### Task statement:
Take the line with "product image (2)" and every line after it in the entries below, and set them down exactly, without any pictures.

### Collected data:
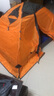 牧高笛（MOBIGARDEN）户外雪山双层雪裙高山沙漠防暴雨露营冬季专业防寒冷山23PLUS帐篷 冷山2PLUS红灰色+专用地垫 实拍图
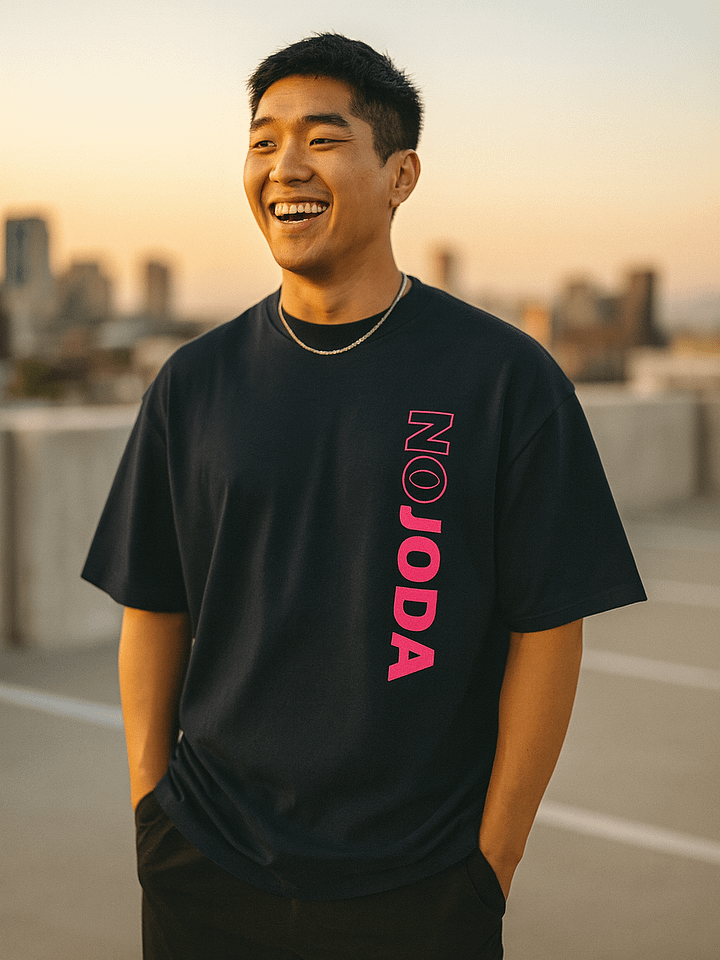 "No Joda" Oversized Tee product image (2)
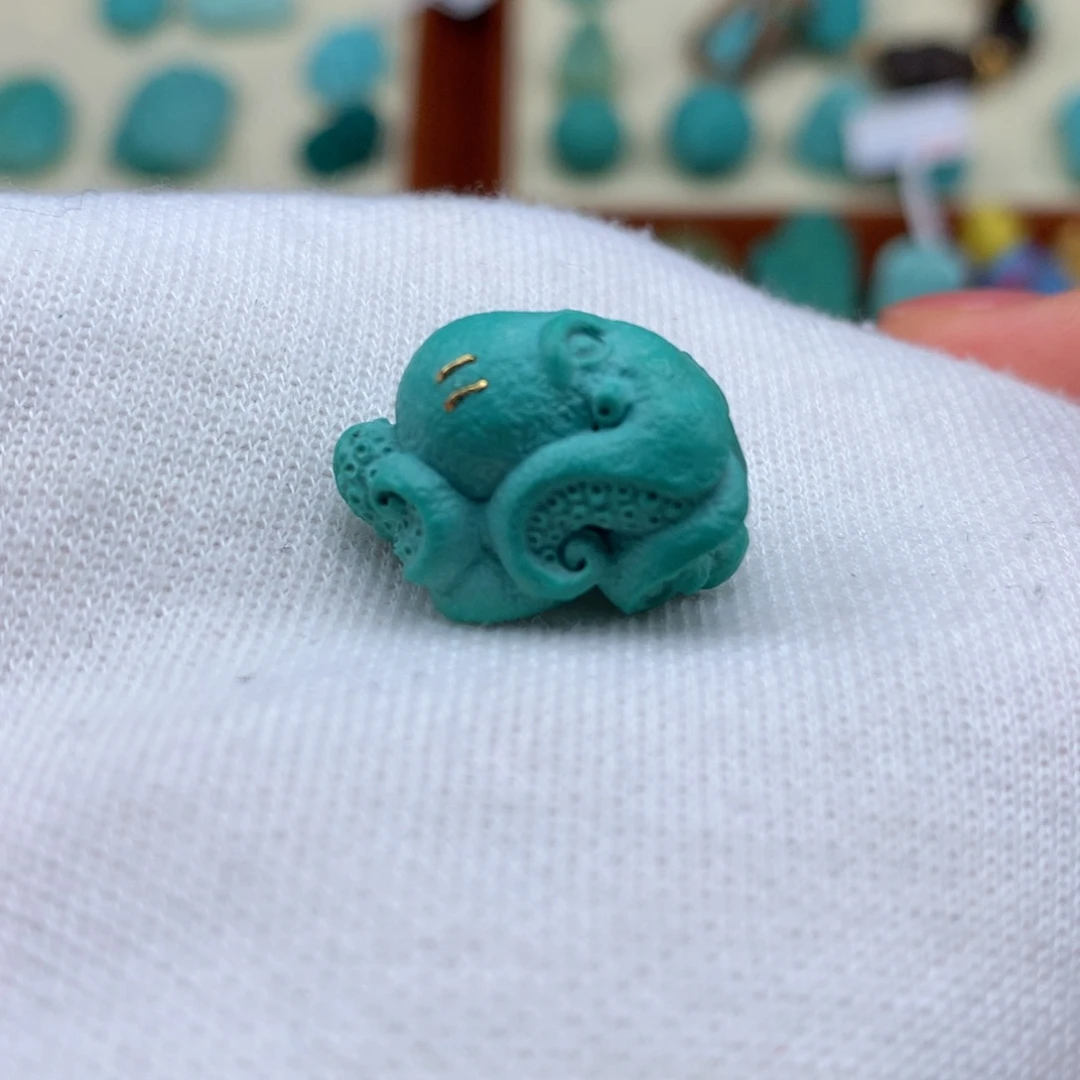 绿松石未镶嵌绿松石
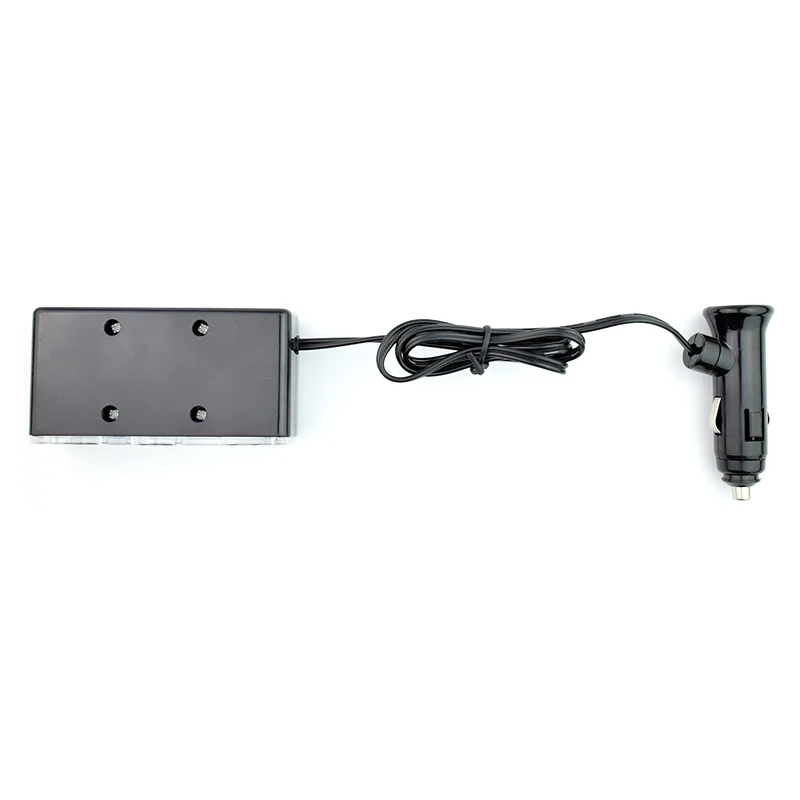 Переходник USB JUEFAN для зарядки в машине 4 1 с прикуривателем мобильных телефонов GPS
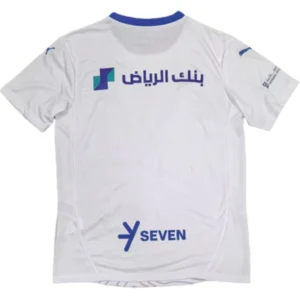Al Hilal Saudi Camiseta 2024 2025 Segunda Blanca - Al Hilal Saudi Football Club Camiseta | tiendasdefutboles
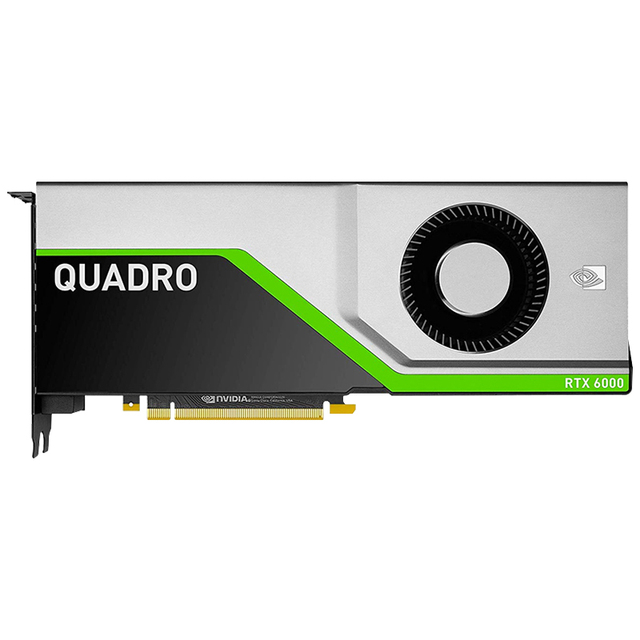 N VIDIA Quadro RTX 6000 24GB GDDR6 Graphics Card Accelerator for HPE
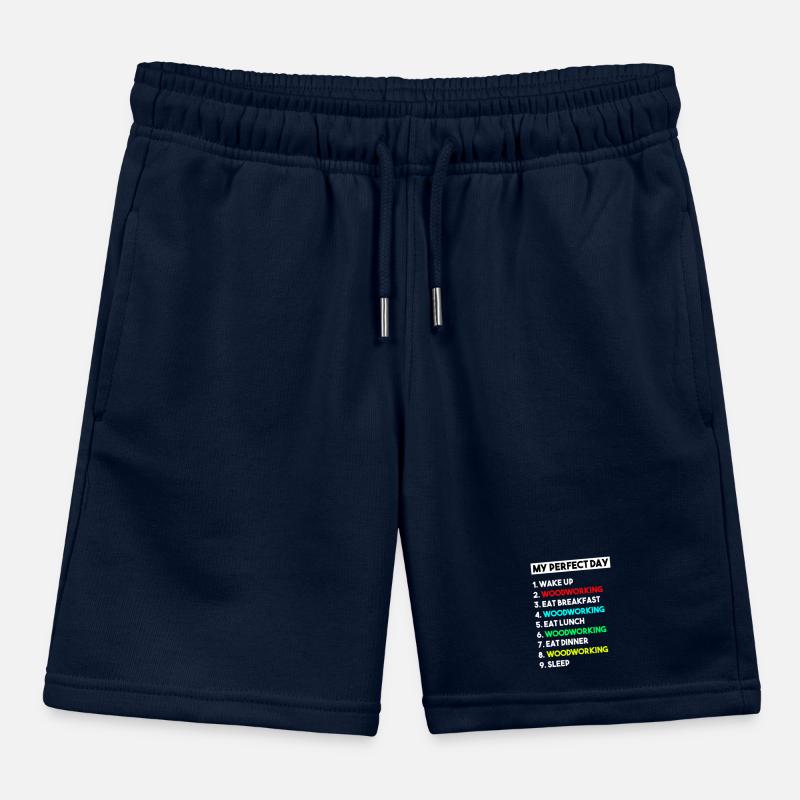 Maître menuisier Fabricant de sciures Menuisier Short de jogging enfant bio Stanley/Stella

### Reply:
 "No Joda" Oversized Tee product image (2)
 绿松石未镶嵌绿松石
 Переходник USB JUEFAN для зарядки в машине 4 1 с прикуривателем мобильных телефонов GPS
Al Hilal Saudi Camiseta 2024 2025 Segunda Blanca - Al Hilal Saudi Football Club Camiseta | tiendasdefutboles
 N VIDIA Quadro RTX 6000 24GB GDDR6 Graphics Card Accelerator for HPE
 Maître menuisier Fabricant de sciures Menuisier Short de jogging enfant bio Stanley/Stella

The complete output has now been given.